---
title: "What tracking down missing TCP Keepalives taught me about Docker, Golang, and GitLab"
author: Stan Hu
author_gitlab: stanhu
author_twitter: stanhu
categories: engineering
image_title: '/images/blogimages/docker-tcp-keepalive-debug/network.jpg'
description: "An in-depth recap of debugging a bug in the Docker client library."
twitter_text: "What Tracking Down Missing TCP Keepalives Taught Me About Docker, Golang, and GitLab"
tags: community, git, GitLab, CI, Docker, TCP, Go, Golang, keepalives
postType: content marketing
ee_cta: false
merch_banner_destination_url: "/compare/github-actions-alternative/"
merch_banner_image_source: "/images/merchandising-content/mc-mastering-cicd-vertical.png"
merch_banner_body_title: "Master your CI/CD"
merch_banner_body_content: "Watch this webcast and learn to deliver faster with CI/CD."
merch_banner_cta_text: "View now"
merch_sidebar_destination_url: "/compare/github-actions-alternative/"
merch_sidebar_image_source: "/images/merchandising-content/mc-mastering-cicd-horizontal.png"
merch_sidebar_body_title: "Master your CI/CD"
merch_sidebar_body_content: "Watch the webcast"
merch_sidebar_cta_text: "View now"
---

This blog post was originally published on the [GitLab Unfiltered blog](/blog/categories/unfiltered/).

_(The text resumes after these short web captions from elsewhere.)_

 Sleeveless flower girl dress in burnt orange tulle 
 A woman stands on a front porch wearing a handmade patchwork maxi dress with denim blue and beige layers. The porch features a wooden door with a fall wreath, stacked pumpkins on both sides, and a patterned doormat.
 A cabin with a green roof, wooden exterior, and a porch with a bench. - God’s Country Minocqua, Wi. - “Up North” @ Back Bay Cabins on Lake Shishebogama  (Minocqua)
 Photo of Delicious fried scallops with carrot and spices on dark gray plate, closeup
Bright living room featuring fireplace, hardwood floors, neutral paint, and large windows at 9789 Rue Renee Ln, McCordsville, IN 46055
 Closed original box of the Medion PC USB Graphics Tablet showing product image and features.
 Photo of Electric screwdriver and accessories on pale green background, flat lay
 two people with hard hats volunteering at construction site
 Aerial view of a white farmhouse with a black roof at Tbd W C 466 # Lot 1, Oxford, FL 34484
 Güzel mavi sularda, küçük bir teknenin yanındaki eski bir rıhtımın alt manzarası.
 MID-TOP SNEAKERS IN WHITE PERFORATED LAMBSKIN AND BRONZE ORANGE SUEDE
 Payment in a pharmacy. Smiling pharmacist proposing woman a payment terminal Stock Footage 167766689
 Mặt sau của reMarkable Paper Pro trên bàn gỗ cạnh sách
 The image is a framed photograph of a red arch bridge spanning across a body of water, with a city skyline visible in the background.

It was reviewed and republished on 2019-12-03.
{: .alert .alert-info .note}

What began as failure in a GitLab static analysis check led to a
dizzying investigation that uncovered a subtle [bug in the Docker client
library code](https://github.com/docker/for-linux/issues/853) used by
the GitLab Runner. We ultimately worked around the problem by upgrading
the Go compiler, but in the process we uncovered an unexpected change in
the Go TCP keepalive defaults that fixed an issue with Docker and GitLab
CI.

This investigation started on October 23, when backend engineer [Luke
Duncalfe](/company/team/#.luke) mentioned, "I'm seeing
[`static-analysis` failures with no output](https://gitlab.com/gitlab-org/gitlab/-/jobs/331174397).
Is there something wrong with this job?" He opened [a GitLab
issue](https://gitlab.com/gitlab-org/gitlab/issues/34951) to discuss.

When Luke ran the static analysis check locally on his laptop, he saw
useful debugging output when the test failed. For example, an extraneous
newline would accurately be reported by Rubocop. However, when the same
test ran in GitLab's automated test infrastructure, the test failed
quietly:

![Failed job](/images/blogimages/docker-tcp-keepalive-debug/job-failure.png){: .shadow.center}

Notice how the job log did not include any clues after the `bin/rake
lint:all` step. This made it difficult to determine whether a real
problem existed, or whether this was just a flaky test.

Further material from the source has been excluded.